Your goal - Would you retype exactly the lines below, starting with the one that has "BMW 3 F30 F35" and going on through the one that has "2009 Dodge Caliber", with no pictures and nothing else?

(Crawled caption data)
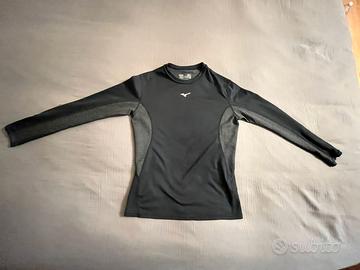 Intimo sci mizuno  bambino-a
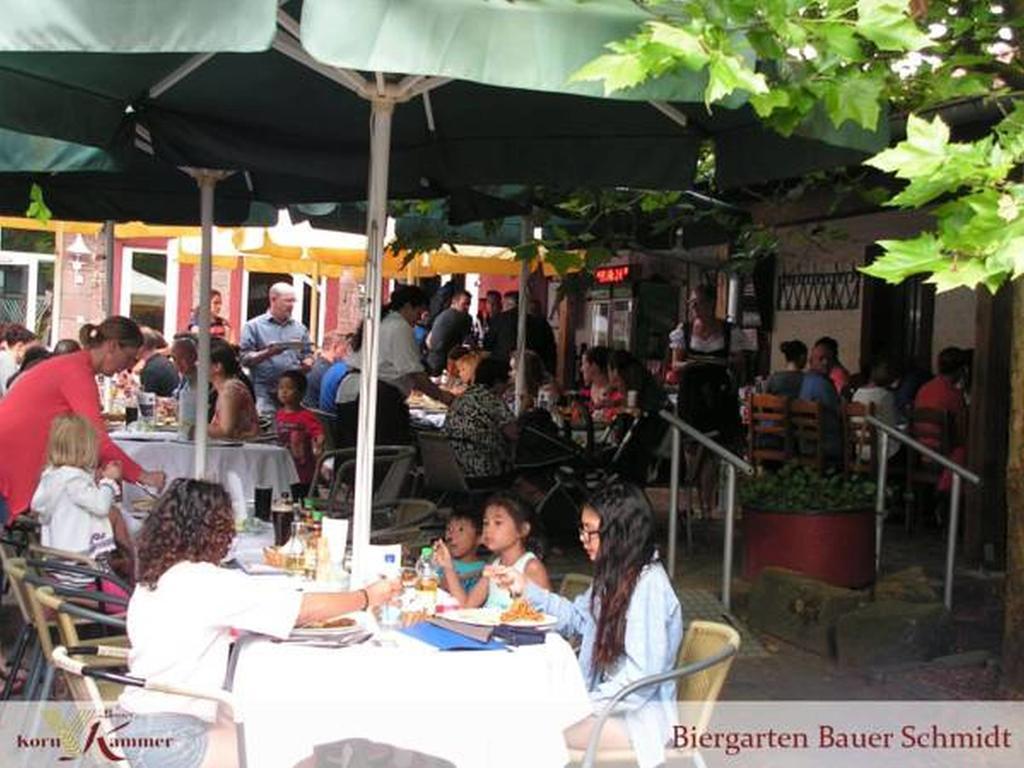 Bauer Schmidt Weilerbach Bauer'S Budget-Hotel Εξωτερικό φωτογραφία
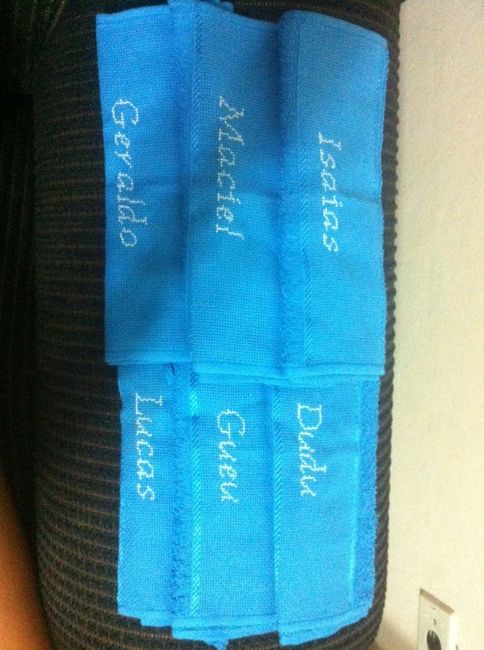 Caixa padrinhos pronta! mdf - 1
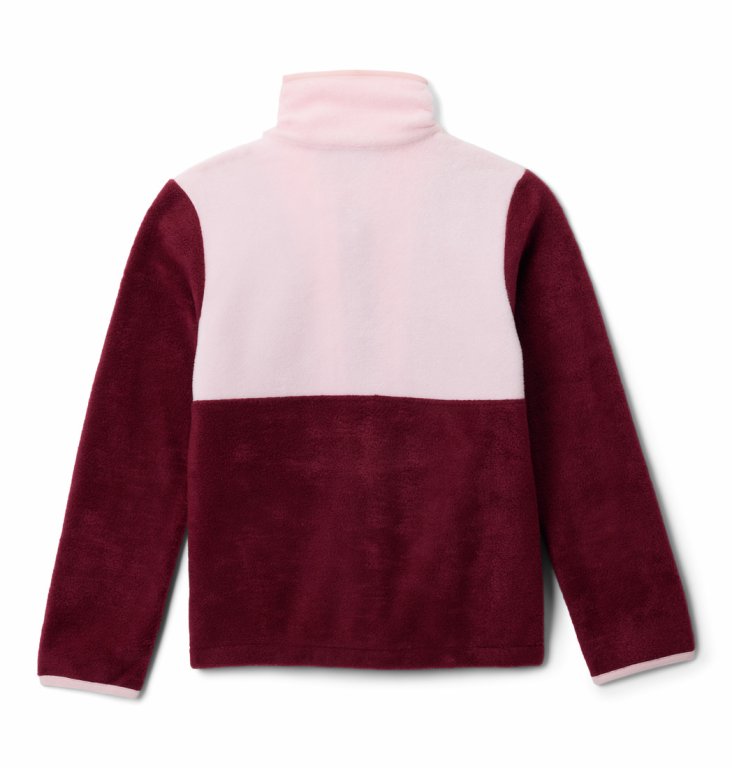 Кофта Columbia Back Bowl™ II Full Zip Fleece J - рожева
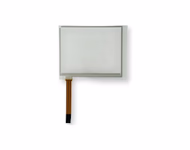 Touch Screen Glass(for use with KCI VAC ATS) 5.7", 138.5*110mm, 4 wire,THK=1.1mm SKU: TNC-TS098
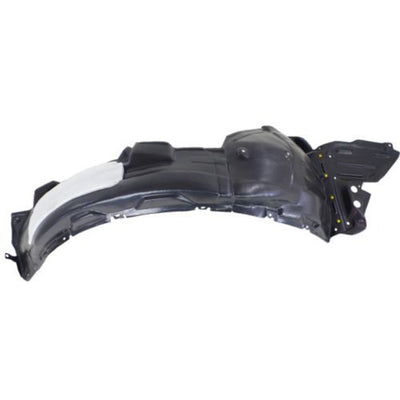 2013-2016 Lexus GS350 Front Fender Liner RH, w/Insulation Foam & Extension Sheet - Classic 2 Current Fabrication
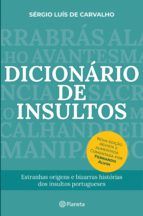 Portada de Dicionário de Insultos - Nova edição revista (Ebook)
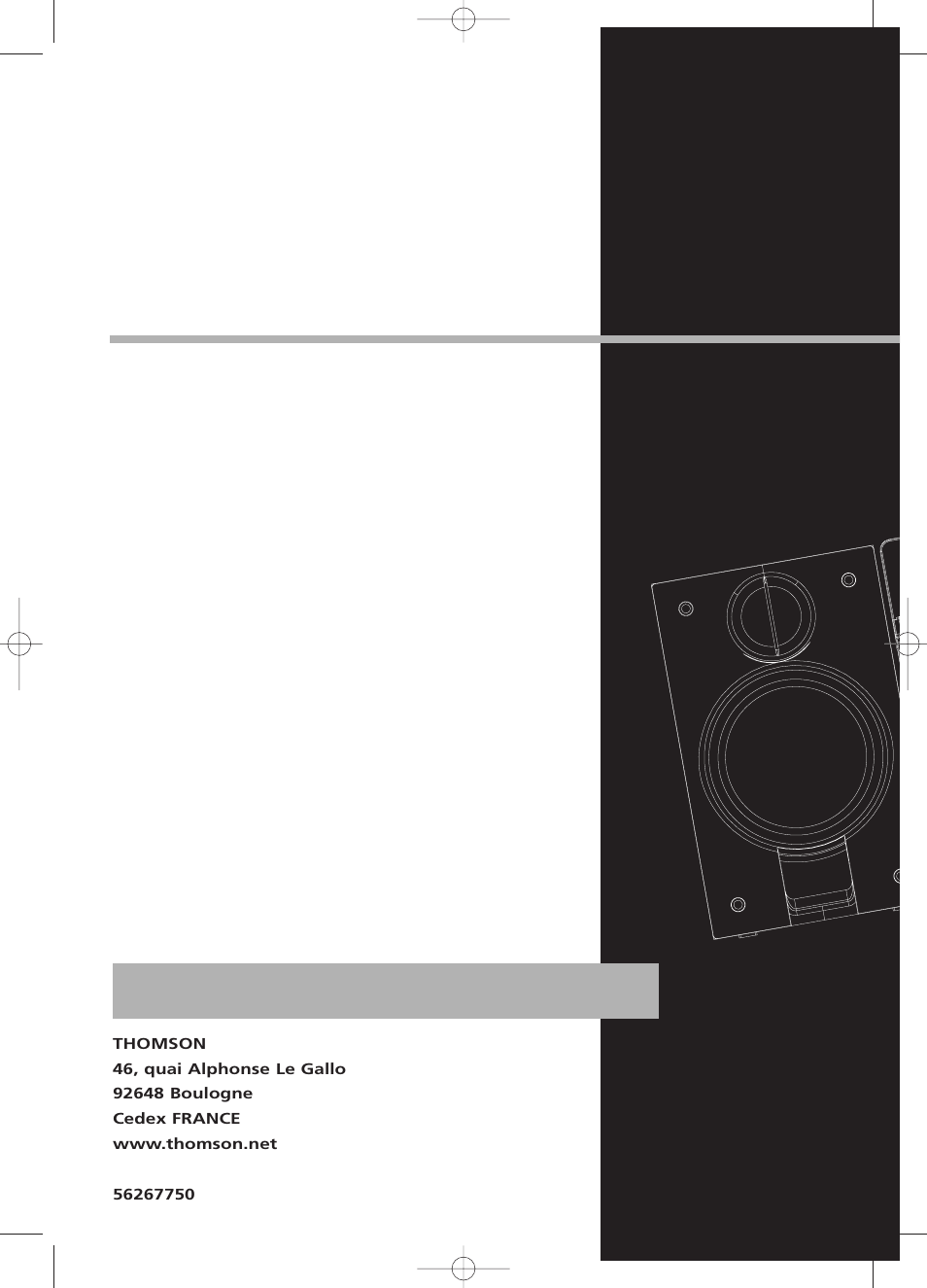 Technicolor - Thomson CS196 User Manual | Page 34 / 34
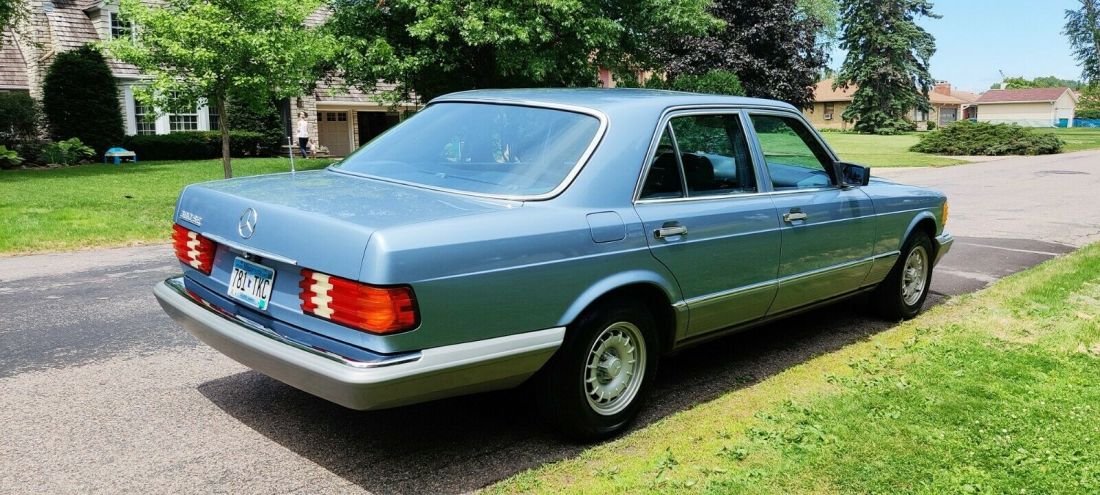 1985 Mercedes-Benz 300-Series - photo 5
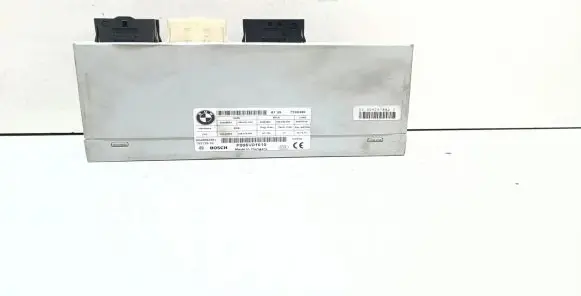 BMW 3 F30 F35 F31 Tailgate/trunk control unit/module 7388490 61357388490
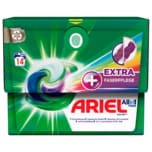 Ariel Colorwaschmittel Extra Faserpflege All-in-1 Pods 299,6g, 14WL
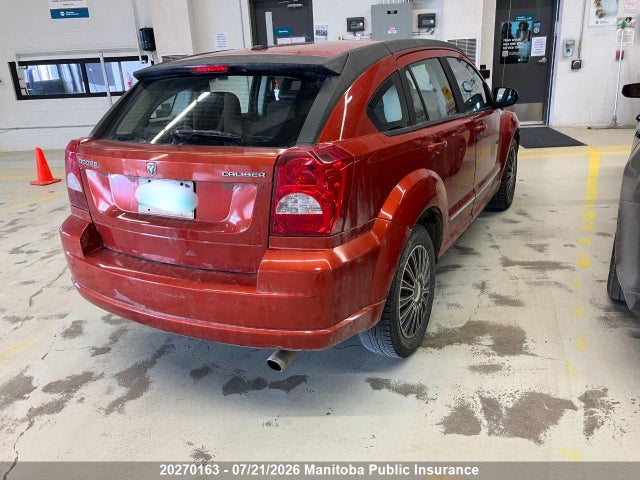 2009 Dodge Caliber Se მანქანა იყიდება აუქციონზე, vin: 1B3HB48A09D111558, აუქციონის ნომერი: 20270163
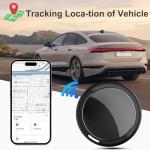 GPS Tracker for Vehicles - Real-Time Tracking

Reply -
 BMW 3 F30 F35 F31 Tailgate/trunk control unit/module 7388490 61357388490
 Ariel Colorwaschmittel Extra Faserpflege All-in-1 Pods 299,6g, 14WL
 2009 Dodge Caliber Se მანქანა იყიდება აუქციონზე, vin: 1B3HB48A09D111558, აუქციონის ნომერი: 20270163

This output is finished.